The plant will serve new development expected to come to the area rather than existing homes on septic systems.
County Attorney Ken Jarrard detailed the county’s process for buying land.
He said though most board items are discussed during open meetings, buying land – along with litigation and personnel issues – happens during closed executive sessions. Items discussed in executive sessions must be approved in open sessions.
“With respect to land acquisition, the reason is to make sure that we are the best stewards of your tax dollars that we can be because a negotiation for land that occurs out in the open and the seller gets to hear all of the due diligence things and how much money we want to spend and how valuable that piece of land is, you might anticipate that the seller’s price might go up a touch if they get to hear all that,” Jarrard said.
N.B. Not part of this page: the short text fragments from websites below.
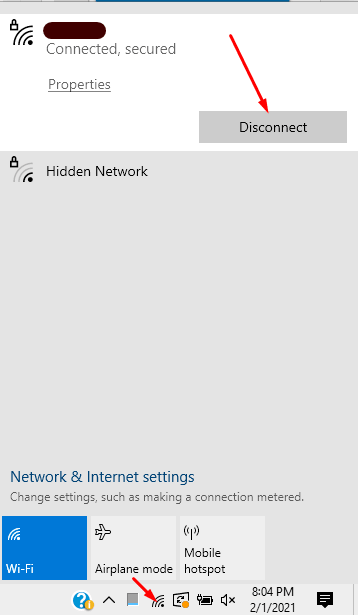 how to fix 0x803fa067 windows 10 activation error code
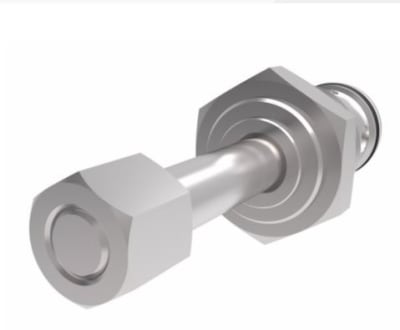 EATON CORPORATION 02-112938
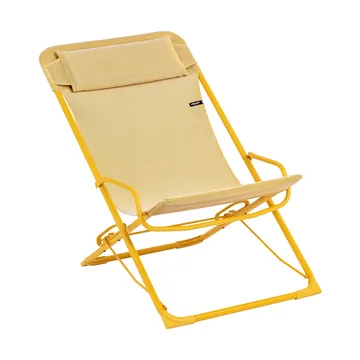 Transaswing Multi tumbona - Miel - Lafuma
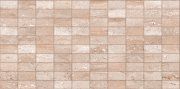 Настенная плитка Деликат Delikat C-DKL302D бежевый 297x600мм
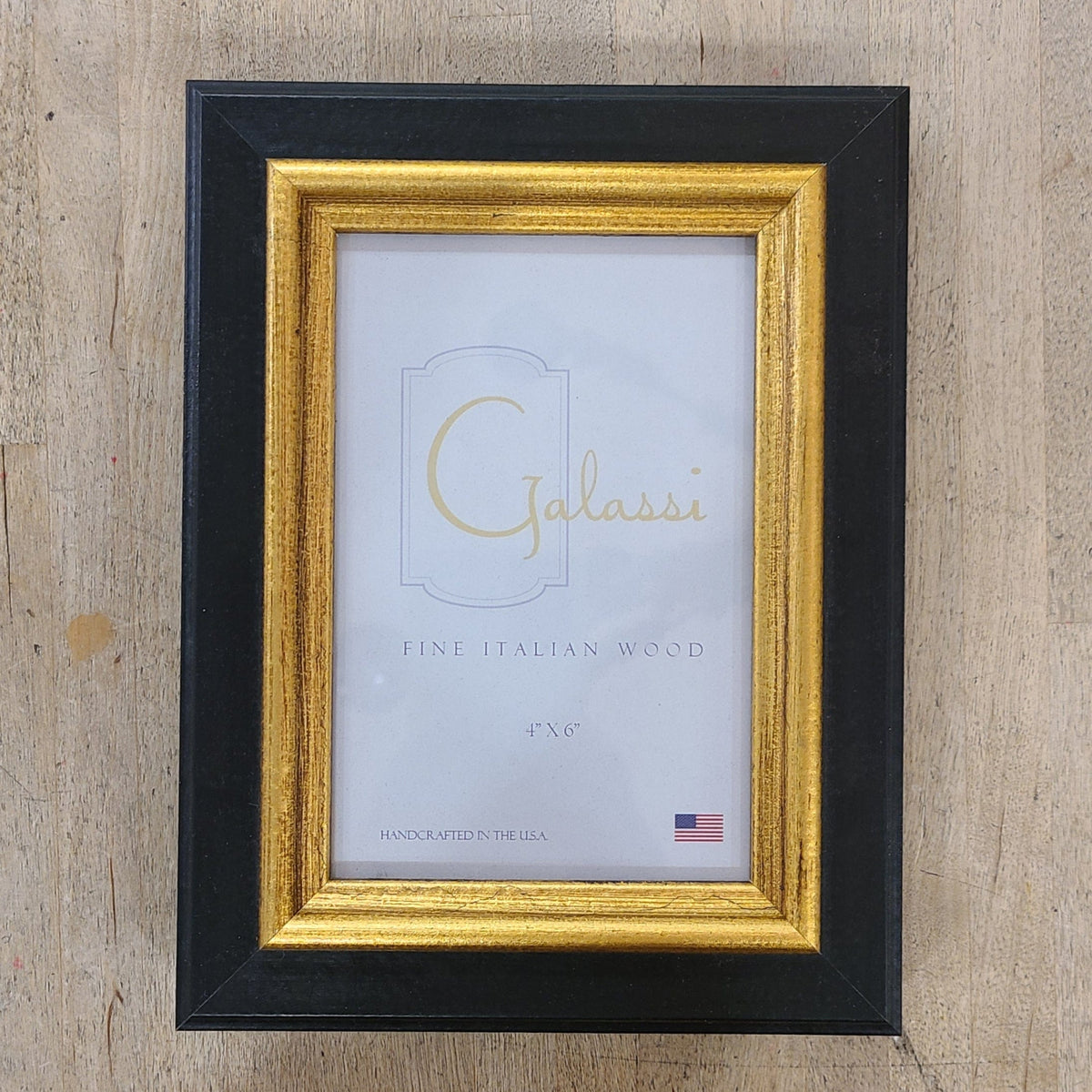 F.G. Galassi F.G. Galassi Beckett Frame - Little Miss Muffin Children & Home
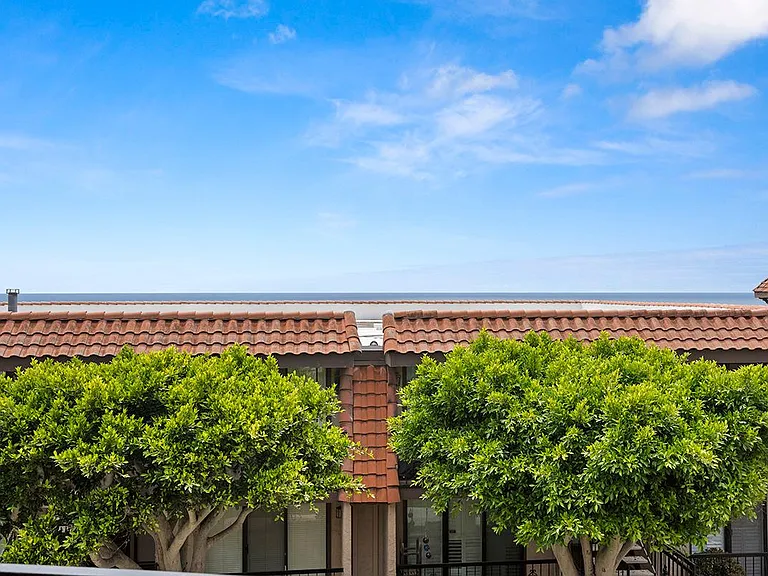 190 Del Mar Shores Ter #73 — Photo 12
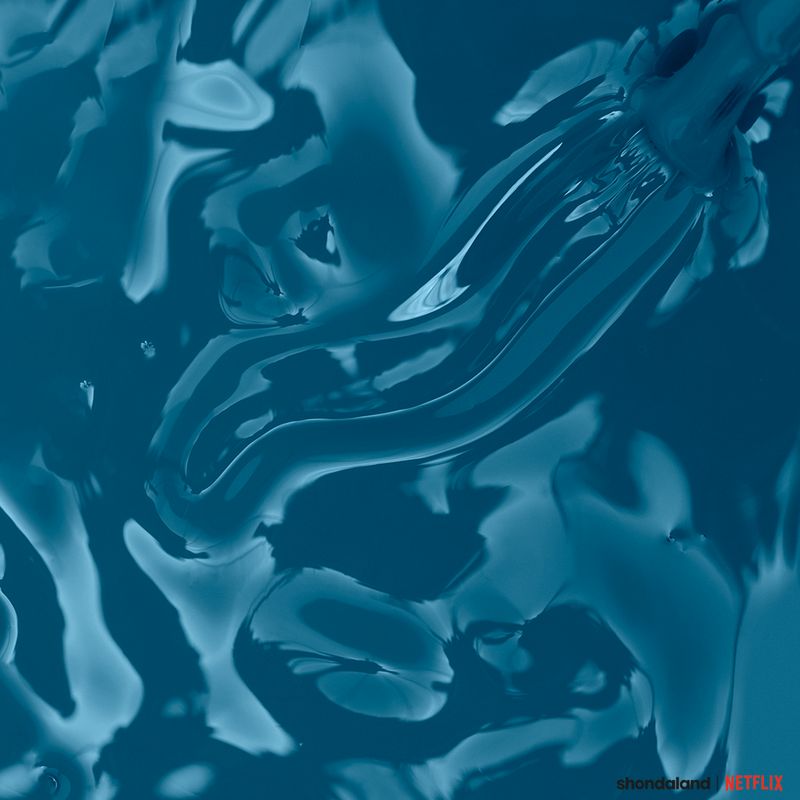 esmalterisquecoleccionbridgertonx8ml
Jarrard said the county is currently in the due diligence process of the land and is expected to close in early January.
Officials said the county would have very strict and stringent standards on the plant.
Members of the community offered fiery responses to the county officials’ claims, with many arguing those in the neighborhood had been deceived about the development.
Neighbors said they not informed by the county about the plans until after the purchase was approved and they had no say in the process. Neighbors said they only found out after a resident saw surveyors in their backyard.
“The people here in this room have been very upset the county has been keeping us in the dark about this,” said resident Bo Slaughter. “I understand the need to keep it quiet while you’re looking for land and looking to be able to purchase it. However, the contract was signed on Sept. 10. There is no reason after that point you couldn’t come to the citizens in the area.”
Some residents brought up issues with potential spills and referenced last month’s spilling of 188,000 gallons of stormwater and wastewater from a manhole into Big Creek.
Since the surrounding homes are on septic systems, speakers were also frustrated they would be impacted by the plant but not able to use it.
Many speakers said they felt the county did not take their quality of life into consideration and felt the facility should be moved to an industrial area.
“Consider the quality of life criteria,” said resident George Auger. “The quality of our lives is going to be harmed forever. Where is that in your criteria? I don’t see that in your criteria.”
Residents were also concerned about any potential health risks.
Speakers raised concerns with reselling homes if the facility is built near them.
“There is a variety of things including health issues, environmental issues. You can sugarcoat it all you want because that’s what you’re here to do. You’re here to sell it,” said resident David Thompson. “Let me also say, I moved to Forsyth County because I drank the Kool-Aid just like the rest of us. We were told this was a great place to live. It’s going to be a very difficult place to sell homes in an area that is beginning to be … I mean, if you think the protein plant smells bad, this is so much worse.”
Residents also expressed frustration – and some disbelief – that there was no final cost for the building, no plans for where it would go on the land, no design and other issues.
Several of the evening’s speakers also wanted to see the facility in other large, industrial uses including a rendering plant and the Eagle Point Landfill, and many wanted to see the county extend the closing of the contract to allow time to address community concerns.